Although not destroyed by a natural disaster, Detroit has all signs of a city in deep crisis. According to a recent study by a demographer, 60 percent of the city’s children live in poverty, a situation that researchers believe is a direct result of the economy.
Detroit: economic disaster zone
“The children are not well,” said Data Detroit’s Kurt Metzger. “The problems of the economy – certainly the unemployment – and the high rates of poverty have really influenced a lot of the effects of adequate prenatal care, in terms of birth weights.”
The National Institute for Literacy reports that roughly 47 percent of adults in Detroit, around 200,000 people, are “functionally illiterate,” meaning they have difficulties with basic reading, speaking, writing and computational skills.
Homes are vacant and many people are unemployed. The list of problems continues seemingly ad infinitum, but Congress appears unwilling to green light aid that is earmarked for a specific city or locality. Urban flight resulting from the decline of a once robust manufacturing sector has seen Detroit’s tax base shrink considerably – from about 2 million residents in 1950 to 700,000 today.
“There’s no good reason why Detroit or any other American city ought to receive a taxpayer-funded bailout from Washington,” said Senator John Cornyn (R-Texas) in a recent statement, adding he hopes that the “Obama administration resists any temptation to meddle in the (bankruptcy) process.”
For Johnson and policy researchers, addressing systemic problems that affect communities across the U.S., not just in Detroit, may be the best, only chance to address issues of poverty.
“If it’s a problem in Detroit, it’s a problem for the whole country. There are way too many kids living in poverty around the nation, as a result of de-industrialization, loss of middle class jobs, lack of infrastructure, criminal justice policy – a lot of factors,” Johnson said. “There are lots of policy issues that go into the high rate of child poverty that are going to have negative impacts down the road. We’ve got this big problem around the country. I think the approach would be to focus on the structural problems that cause this problem.”

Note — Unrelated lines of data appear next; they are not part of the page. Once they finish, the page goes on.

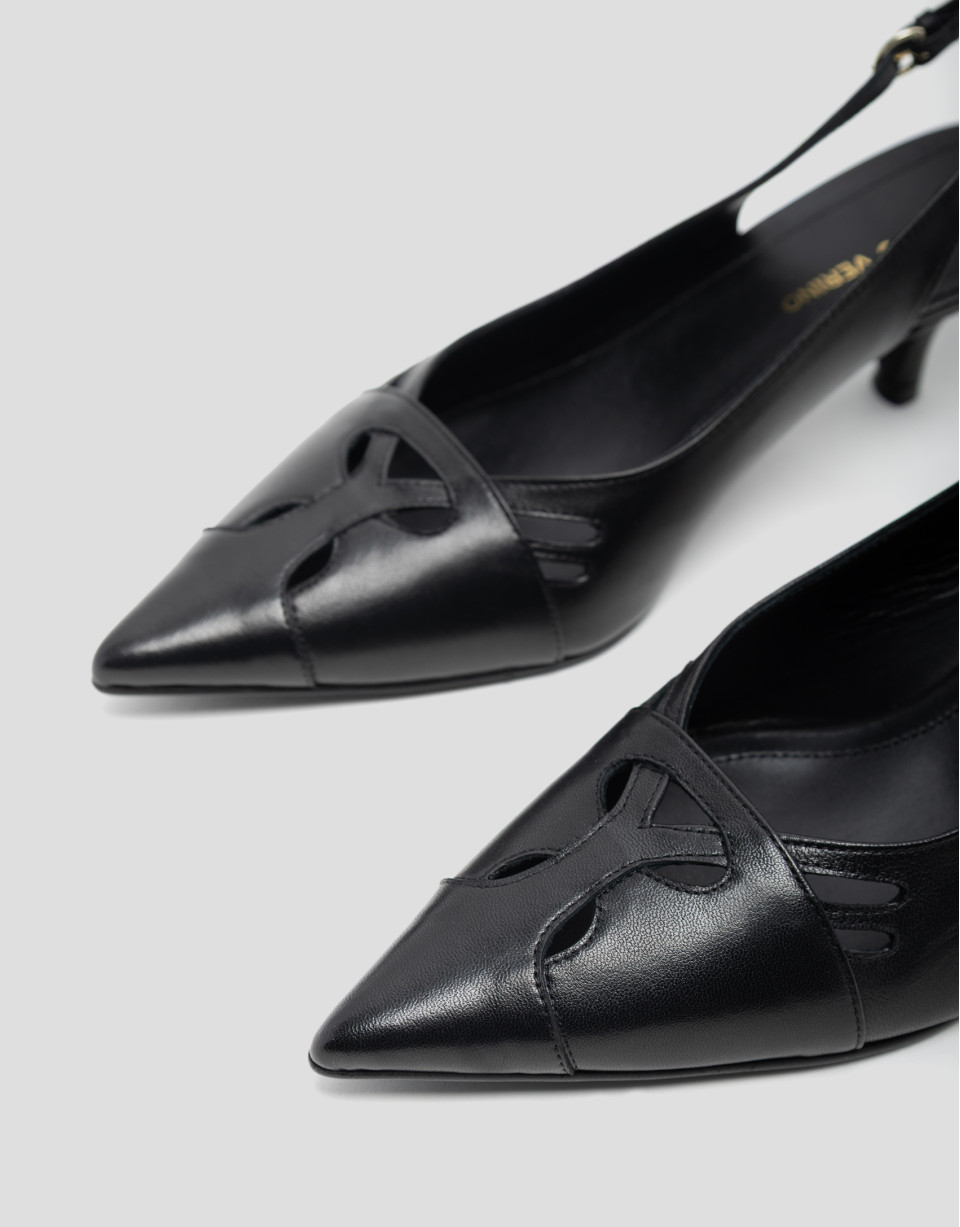 Black leather slingback court shoe with cuts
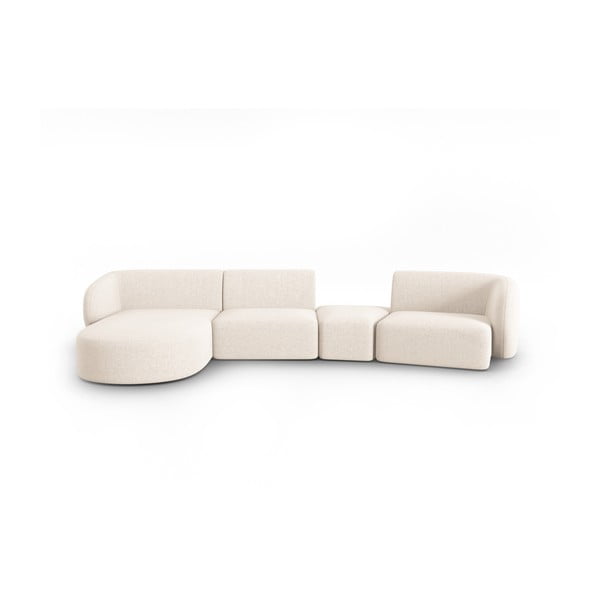 Divano angolare beige (con penisola a sinistra/con chaise lounge) con rivestimento in ciniglia Paolo – Milo Casa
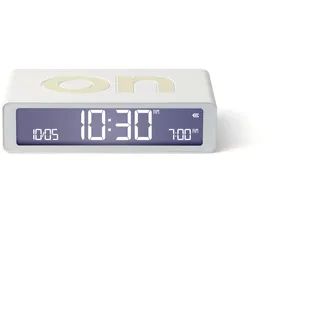 Lexon Flip Classic Digitaler Wecker mit umkehrbaren EIN/Aus-Seiten, wiederaufladbare Nachttischuhr mit LCD-Display, Berührungssensor für Schlummer- und Lichtfunktion – Weiß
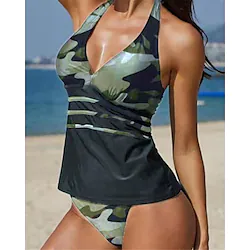 Women's Swimwear Tankini 2 Piece Plus Size Swimsuit Open Back Printing for Big Busts Camouflage Leopard Army Green Rainbow Vest V Wire Bathing Suits New Vacation Fashion / Modern / Padded Bras Lightinthebox
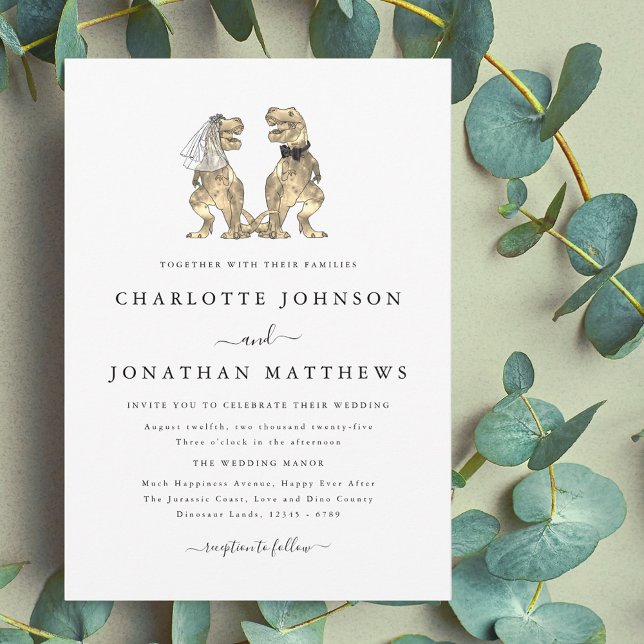 Convite Casamento Temático de Dinossauros (dinosaur theme wedding black and white invitation elegant modern T-Rex dino bride and groom)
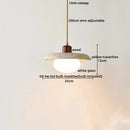 GobekUsa LED Wood Pendant Light Adjustable Yellow Stone Bedroom Coffee Hanging Lamp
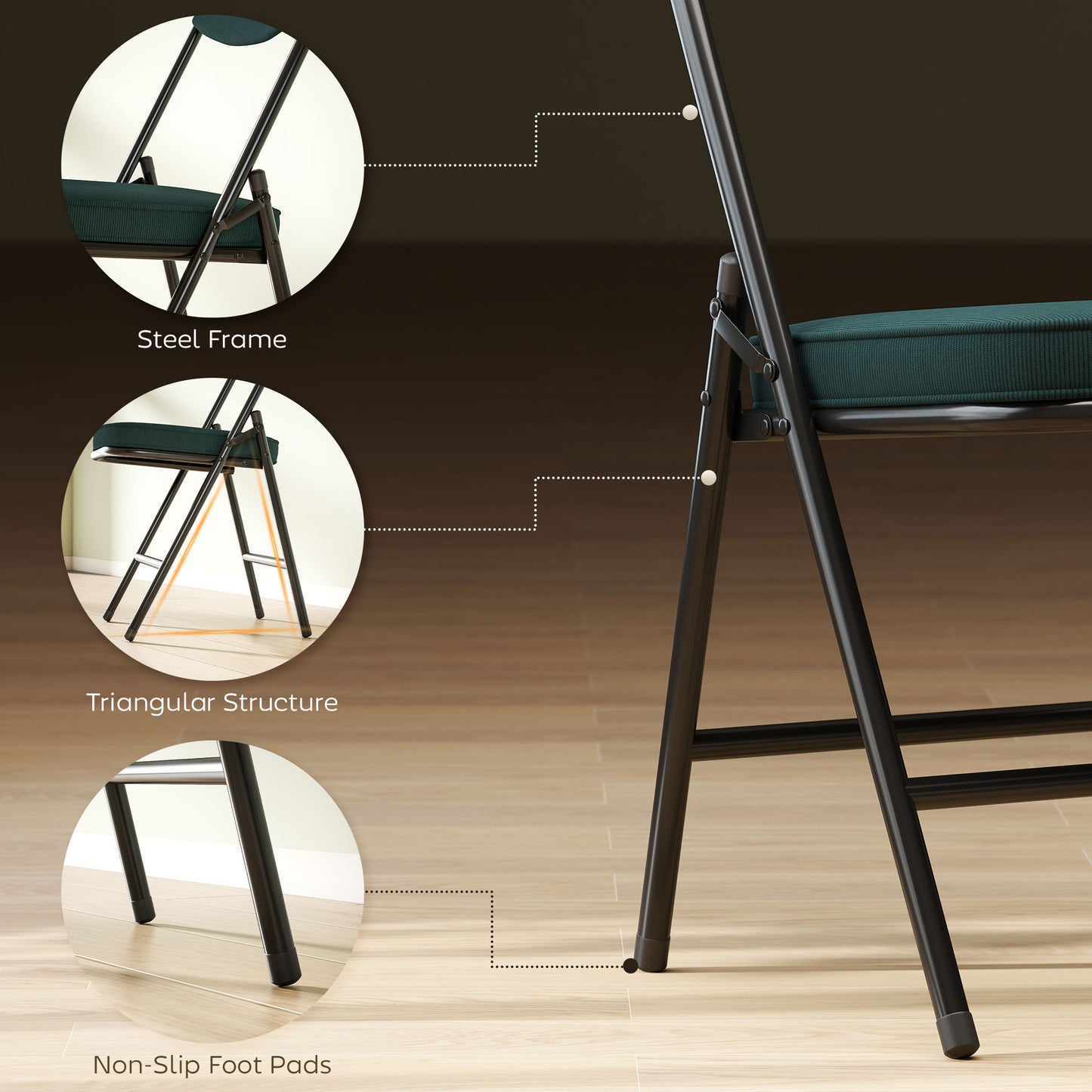 HOMCOM Set of Four Folding Corduroy Seat Chairs - Blue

For now though, it appears that Detroit’s emergency management has resorted to cuts rather than aid as the way out of crisis for the city. The state’s emergency management has called for Detroit to reduce or eliminate benefits for the city’s 30,000 employees and retirees as part of the emergency manager’s plan to reduce a $386 million budget deficit and pay off more than $17 billion in long-term debt.
This article originally was published Aug. 2, 2013.